Repeat all entries word for word; skip images.

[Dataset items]

────

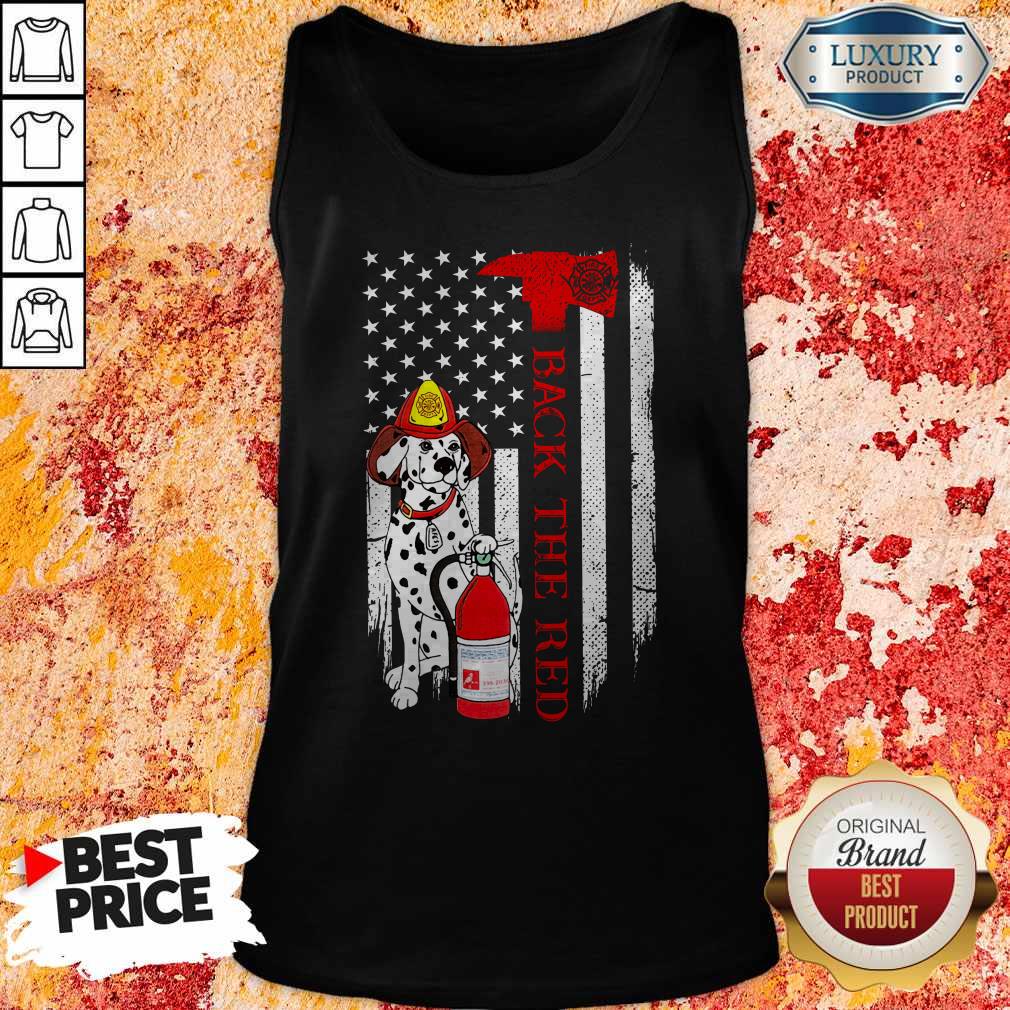 Wonderful Firefighter Dog Back The Red American Flag Shirt - Image 3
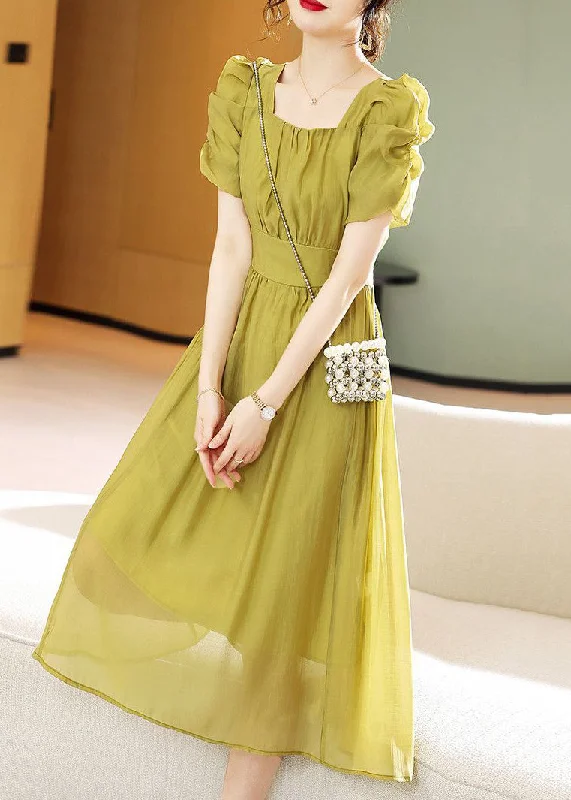 bohemian dressGreen Wrinkled Patchwork Chiffon Dress Square Collar Summer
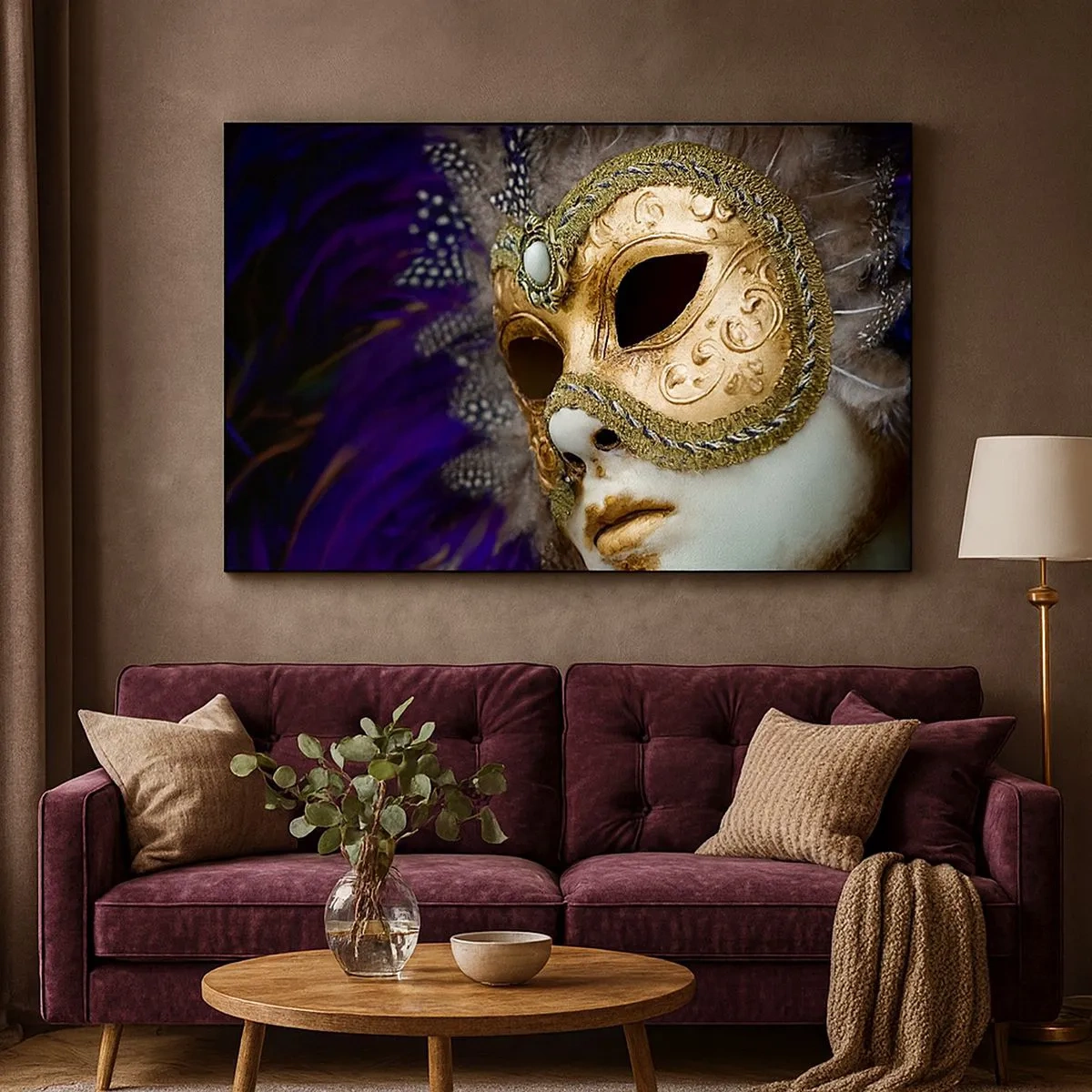 Canvas picture - Venetian Portrait In Gold - 100x40 cm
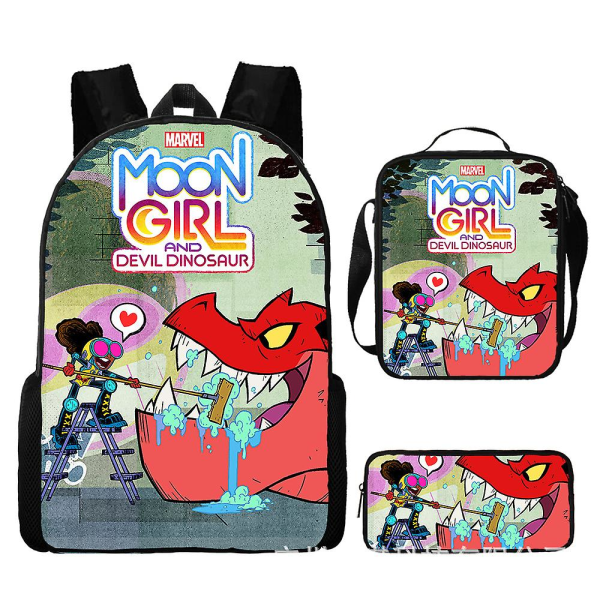 Moon Girl ja Devil Dinosaur -lasten reppu 3 kpl/setti Kuviollinen Marvel-kynäkotelo Olkalaukku Tyttöjen koululaukku Lahja 16 Meal packs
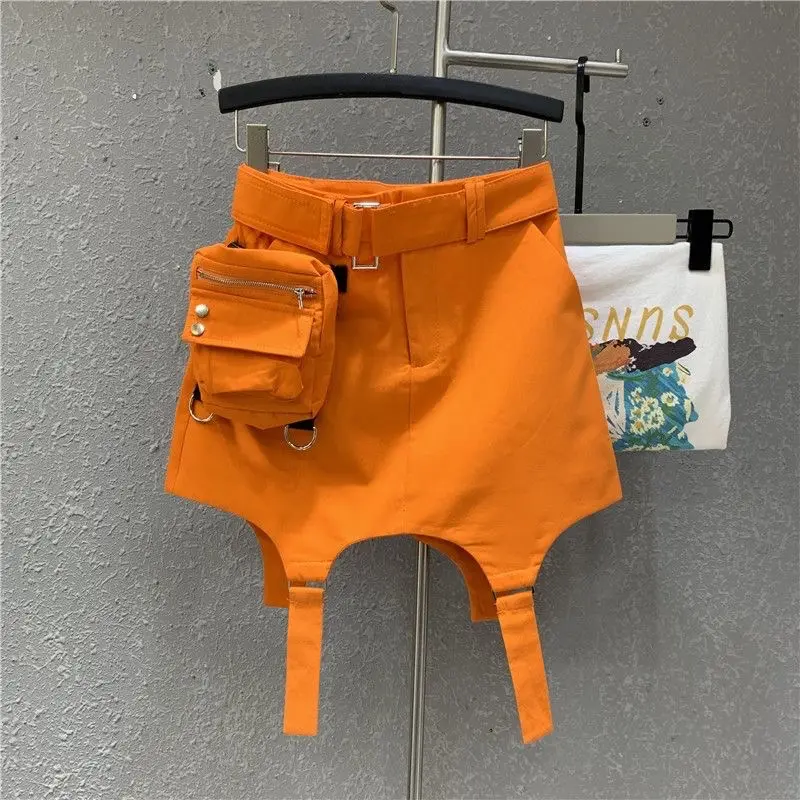 Diseño Verano Niños Vestidos Sólido Color Naranja Bumbag Moda Adolescentes Chica decano Falda vestidos casuales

────

**RESPONSE**
 Wonderful Firefighter Dog Back The Red American Flag Shirt - Image 3
 bohemian dressGreen Wrinkled Patchwork Chiffon Dress Square Collar Summer
 Canvas picture - Venetian Portrait In Gold - 100x40 cm
 Moon Girl ja Devil Dinosaur -lasten reppu 3 kpl/setti Kuviollinen Marvel-kynäkotelo Olkalaukku Tyttöjen koululaukku Lahja 16 Meal packs
 Diseño Verano Niños Vestidos Sólido Color Naranja Bumbag Moda Adolescentes Chica decano Falda vestidos casuales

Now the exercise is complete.